Element 3: Standards
Ontologies used in FaceBase include the following; please list any that apply:
- Anatomy: Uberon
- Chromatin modifier: ZFIN, NGI, HGNC, Ensemble, MGI
- Data type: OBI, SMOMEDCT, CHMO
- Experiment type: MMO, ERO, CHMO, SCTID, OBI, STATO
- Gene: NCBI
- Phenotype: Chemical Methods (CHMO), cmmo, Foundational Model of Anatomy (FMA), Craniofacial Mouse Malformation Ontology (CMMO), MP, HP, DOID
- Sex: UBERON
- Species: NCBI Taxon
- Strain: MGI
- Syndrome: MONDO
- Transcription factor: MGI, ZFIN, Gene_ORFName, Ensembl, HGNC
FaceBase uses these reference genomes: humans (hg38, hg19), mouse (mm9, mm39, mm10), and chimpanzee (panTro4).
Common data formats accepted by FaceBase include:
- Sequencing Data: “raw” sequencing data (fastq files).
- Processed Data: fastqc reports (.fastqc.tgz or .fastqc.zip), count files (.count, .tpm, .fpkm), measures in tab-separated format (.tsv), and alignment mapping files (.bam) and indexes (.bam.bai).
- Track Data: (.bed), bigBed (.bb), and bigWig (.bw) files.
- Array Data: “raw” microarray data (CEL files).
- Imaging Data: high-resolution 3D or 2D imaging data, such as micro-CT accepted in NIfTI format gzipped (.nii.gz), confocal or other microscopy sources in TIFF or OME-TIFF (.tiff or .ome.tiff), and other sources in JPEG (.jpg or .jpeg). Other formats may be considered on an as needed basis.
- Surface Model / Mesh Data: Wavefront OBJ format.
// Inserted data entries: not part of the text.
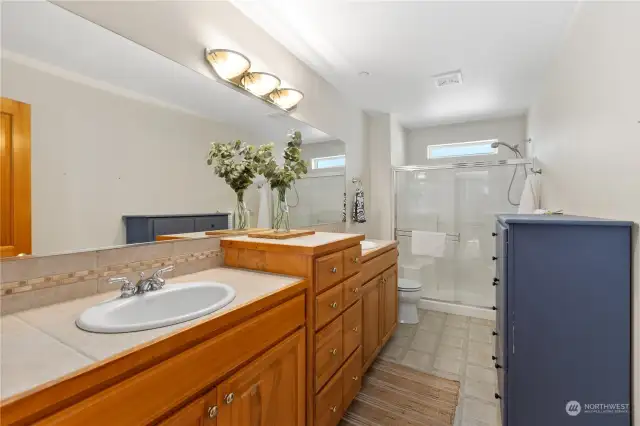 Primary ensuite bath features a grand vanity with extra storage and double sinks.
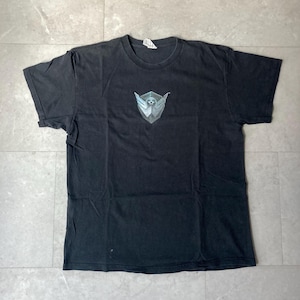 May include: Black short-sleeved t-shirt with a graphic design on the front. The design is a shield shape with wings and a soccer ball in the center. The shirt is made of a soft, worn material.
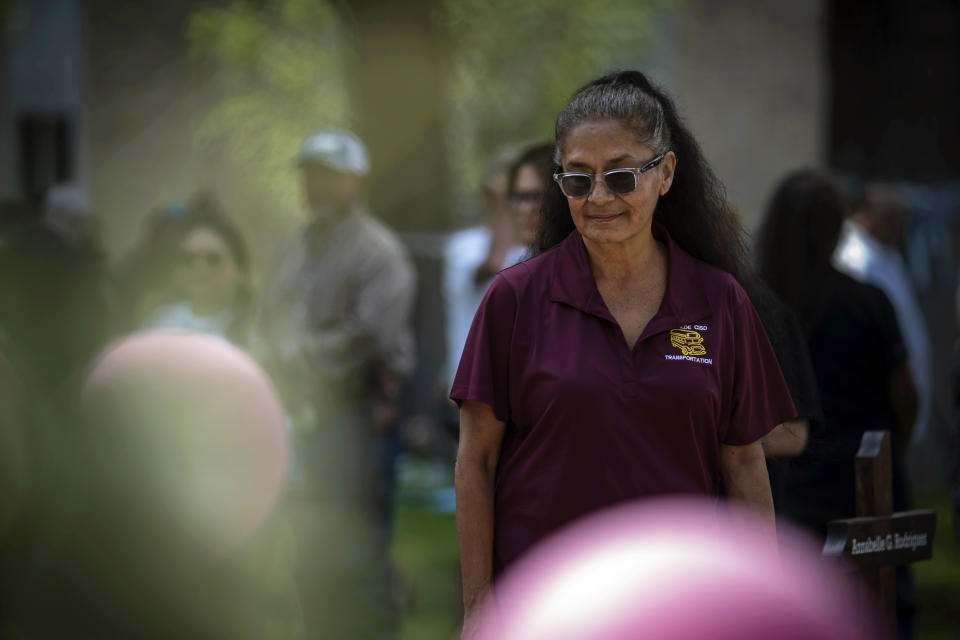 Josie Albrecht, a school bus driver, visits a memorial site for those killed in a mass shooting at Robb Elementary School, Sunday, May 29, 2022, in Uvalde, Texas. Albrecht had planned a pizza party to celebrate that afternoon. But before she could pick the students up and drive them home, a gunman walked into their school and started shooting. (AP Photo/Wong Maye-E)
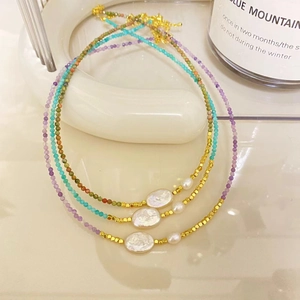 Close-up of tourmaline and baroque pearl beaded necklaces in pink, blue and green colors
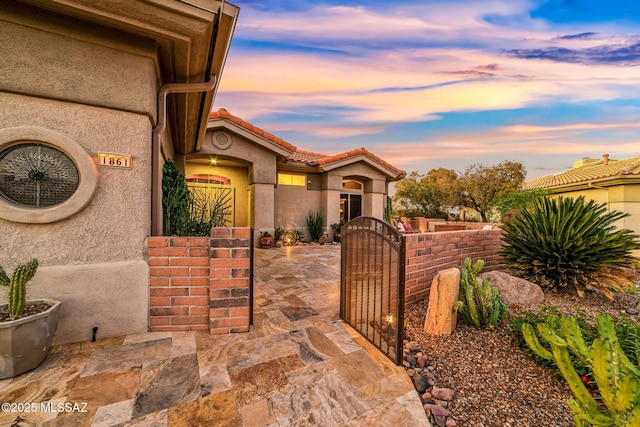 1861 E Crown Ridge Way, Oro Valley, AZ 85755 - view of front of home featuring a gate, stucco siding, and a fenced front yard
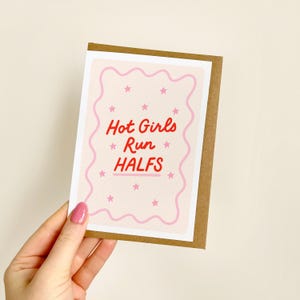 May include: A greeting card with a brown border and a light pink background. The card features the text "Hot Girls Run Halfs" in red, with pink stars and a wavy pink border.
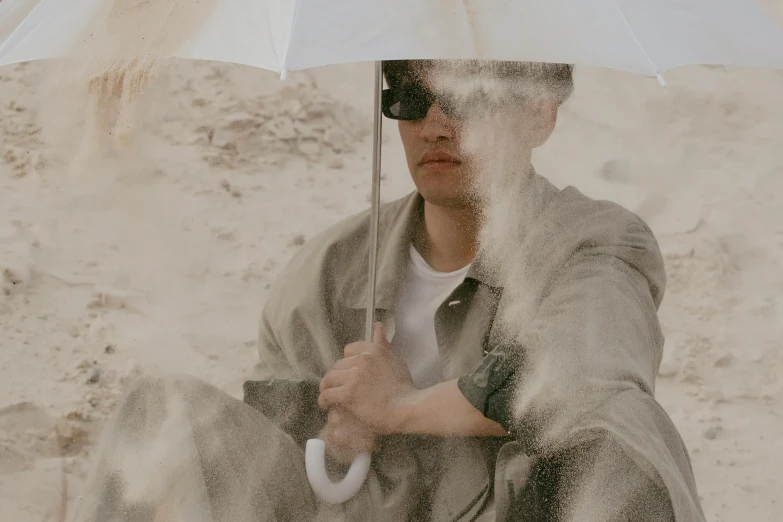 a man sitting in the sand holding an umbrella, off - white style, ryan jia, background image, shades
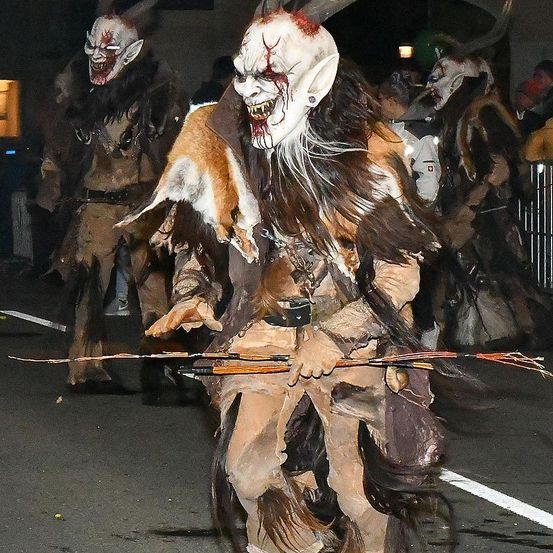 Eine Person in einem gruseligen Monsterkostüm geht nachts auf der Straße und hält einen langen Bogen. Hinter ihnen sind mehrere Personen ebenfalls in ähnlichen Kostümen. Die Straße ist dunkel, nur wenige Lichter erhellen den Bereich.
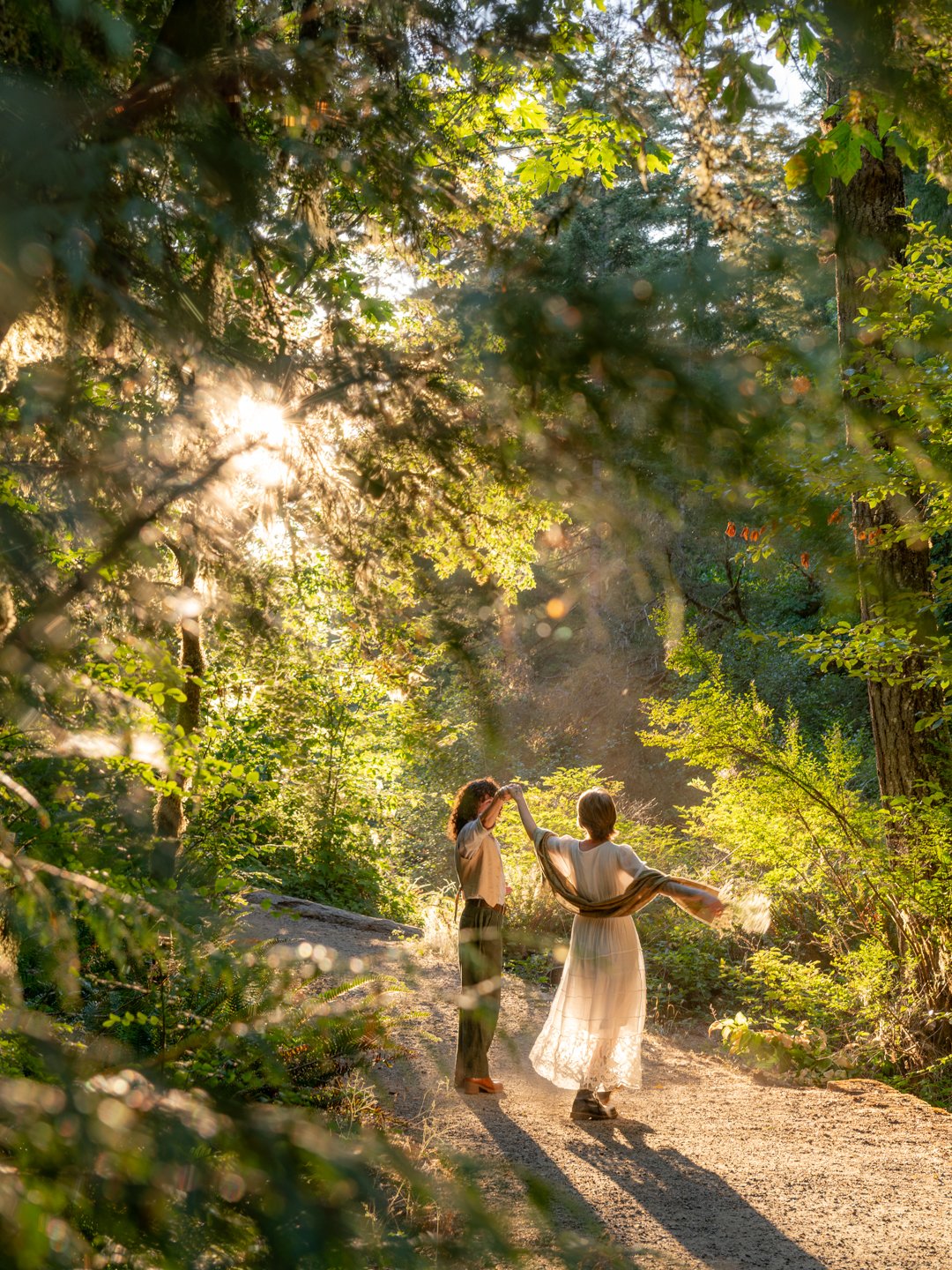 Two people dancing on a forest trail during Golden Hour, surrounded by lush green trees and foliage.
Element 4: Data Preservation, Access, and Associated Timelines
B. How scientific data will be findable and identifiable:
Each data item in FaceBase is provided with a persistent unique record identifier (RID) on creation. In addition, each dataset can be assigned a DataCite DOI.
C. When and how long the scientific data will be made available:
FaceBase will make all data available for the life of the FaceBase project. In addition, FaceBase will make its best effort to preserve a read-only archive of all data other than human-protected data for at least five years after the last data has been deposited to FaceBase.
Element 5: Access, Distribution, or Reuse Considerations
B. Whether access to scientific data will be controlled:
With the exception of protected human subjects data, all other data will be shared publicly after the associated studies are published. Protected human subjects data will be stored in a separate, secure location and shared only after a review is carried out by the FaceBase Data Access Committee and a Data Use Agreement is signed. More information about this process can be found here.
C. Protections for privacy, rights, and confidentiality of human research participants:
The review and approval process described above protects data housed at FaceBase. The Data Use Agreement protects data that has been shared by FaceBase (following the approval process described above).
Element 6: Oversight of Data Management and Sharing
FaceBase will perform its normal quality assurance processes to assure that metadata is complete and that industry best practices are followed for data housed at FaceBase.